ChocoPy2Bril: Translating ChocoPy to Bril
Introduction
The primary goal is to create a compiler frontend, named “ChocoPy2Bril”, that translates a core subset of the ChocoPy language directly into the Bril representation. This project will focus on the AST traversal and code generation phase by leveraging an existing ChocoPy parser to handle lexical analysis and syntax analysis.
Specifically, we supported the following functionalities of ChocoPy:
- Primitive Types: Integers and Booleans (int, bool).
- Basic Operations: Arithmetic (+, -, *, /), Relational (==, !=, <, >, <=, >=), and Logical (and, or, not).
- Variables: Local variable declaration and assignment.
- Control Flow: Conditional statements (if/else) and simple iteration (while loops).
- Functions: Function definition, argument passing, and return statements.
Note: we were originally also planning on supporting modulo, but due to Bril not having a modulo operator, we were forced to leave it out.
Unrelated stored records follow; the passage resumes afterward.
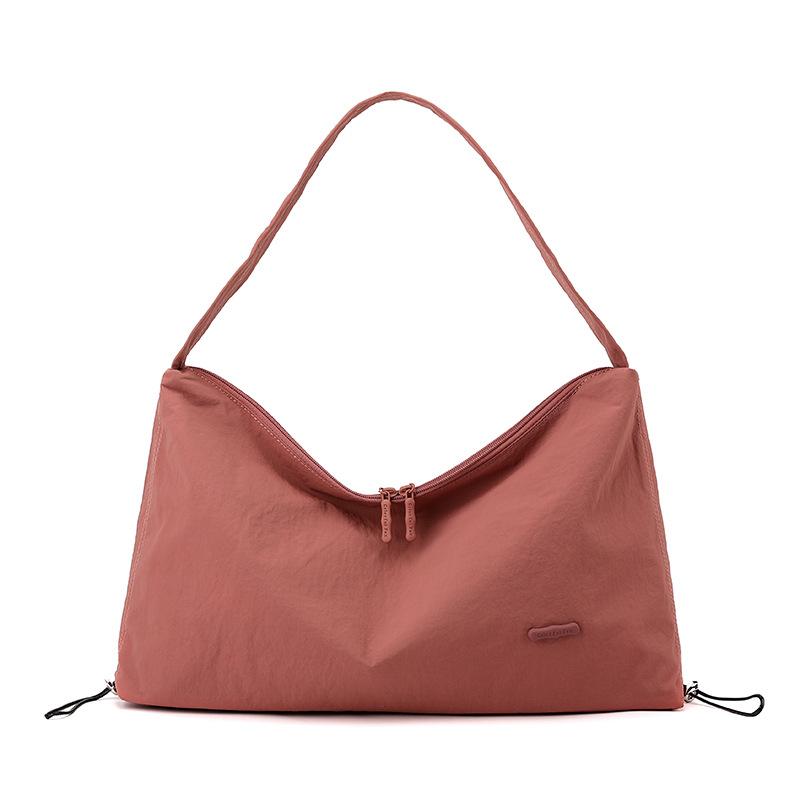Korean style spring and summer new women's solid color high-end niche shoulder crossbody armpit bag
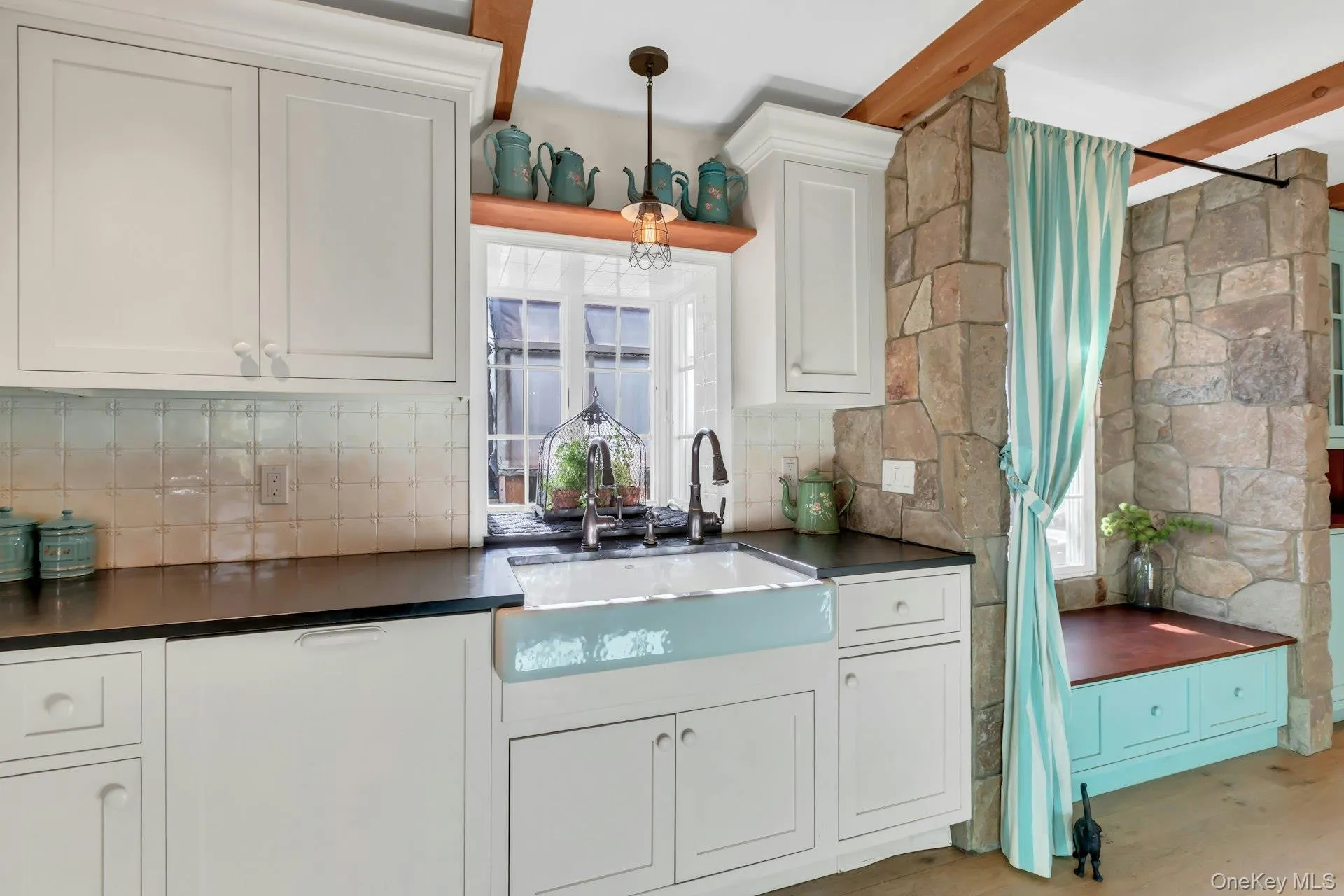 Kitchen featuring dark countertops, white cabinetry, tasteful backsplash, light wood finished floors, and decorative light fixtures Kitchen featuring dark countertops, white cabinetry, tasteful backsplash, light wood finished floors, and decorative light fixtures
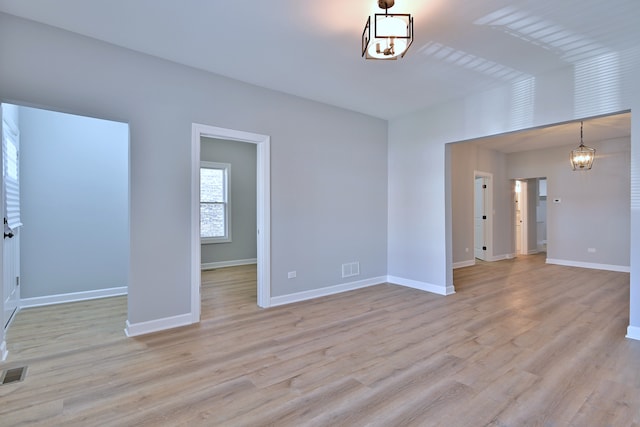 8004 S Ada St, Chicago, IL 60620 - spare room with a chandelier and light wood-style floors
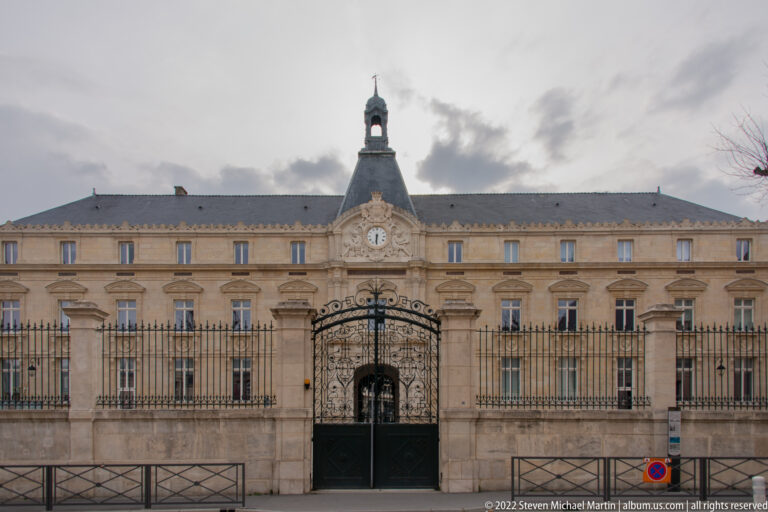 Symmetrical classical building with ornate iron gates, central clock, small cupola, and rows of tall windows.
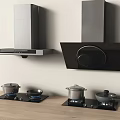 Modern Kitchen Appliances Featuring Silver Black Range Hoods and Gas Stoves with Pots on Burners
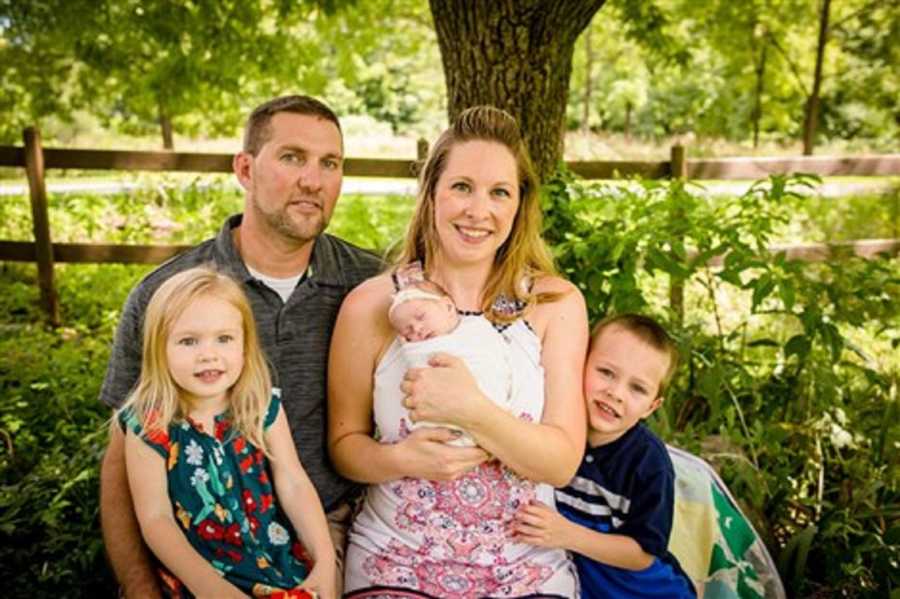 Husband and wife with newborn swaddled to her chest sit outside on bench with their young son and daughter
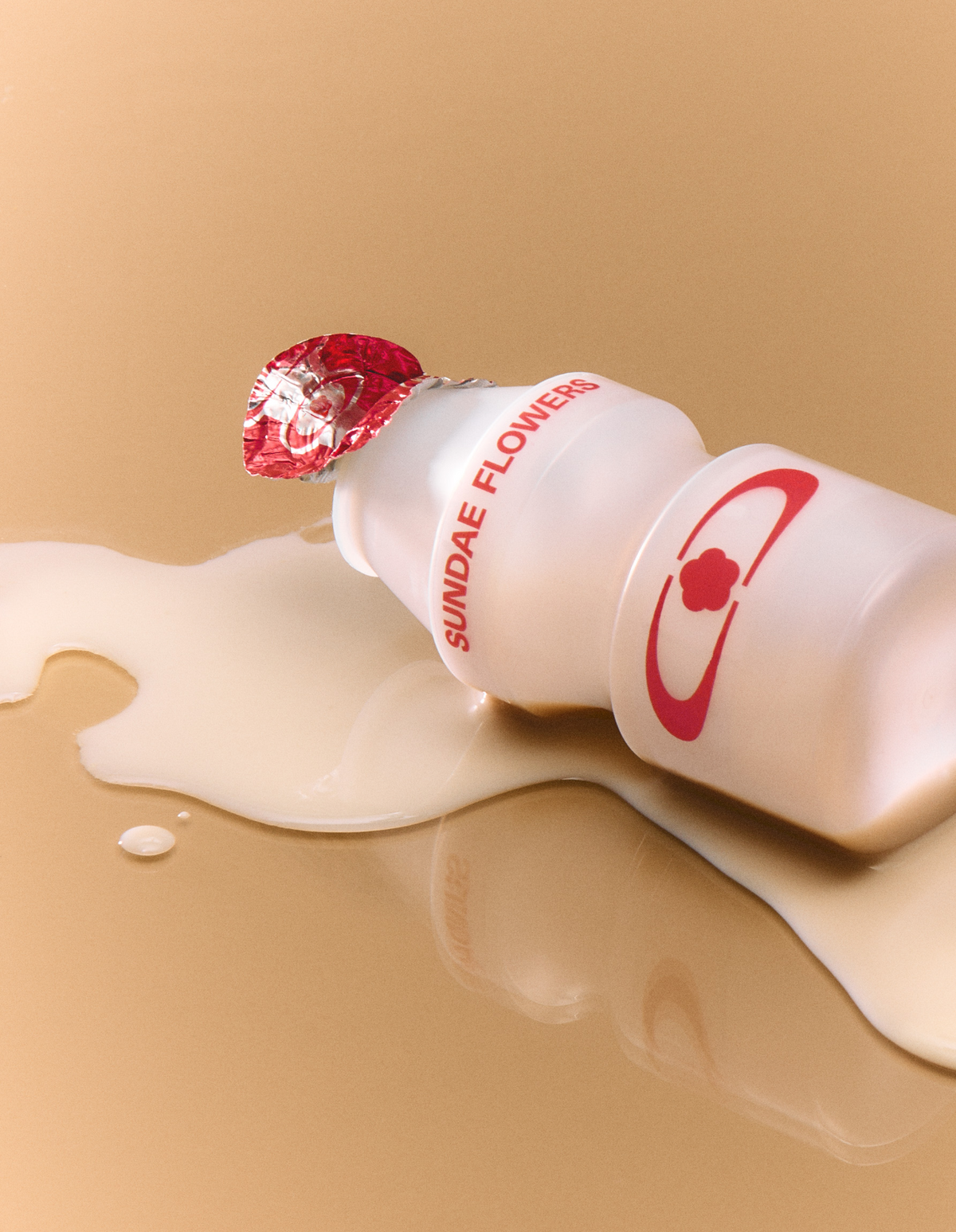 Plastic yogurt drink bottle labelled "Sundae Flowers" laid on  yellow reflective floor, on top of the spilled drink.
Project Design and Implementation
For the simplicity of this project, we decided to focus on a subset of ChocoPy that includes primitive types, basic operations, variable declarations and assignments, control flow statements, and function definitions. We decided on these primatives as we felt that we could cover a reasonable amount of simple program functionalities alone with these primativs.
Without too much difficulty, we were able to familiarize ourselves with ChocoPy’s grammar, and we had to settle on how we were planning on implementing the translation from ChocoPy to Bril. At the recommendation of Professor Sampson, we focused on efforts on the AST translation, instead of actually building the AST from scratch, as this would be a really tedious, time consuming, and fairly non-trivial task to do. This allowed us to focus on the code generation phase of the compiler, which was our main goal. The next step in the design would be to decide how we were going to generating the AST from the ChocoPy program. Originally, we thought that the simplest solution would be to use the built in Python AST module to generate the AST from the ChocoPy program. However, we soon realized that there were small nuances between the ChocoPy grammar and the Python grammar, which made this approach infeasible. After some research, we found that there were multiple existing ChocoPy parser implemented in Python, which we were able to leverage to generate the AST for us. We ended up deciding to use yangdanny97/chocopy-python-compiler (Danny Yang’s parser) as our ChocoPy parser, as it was fairly well documented and seemed easy to use.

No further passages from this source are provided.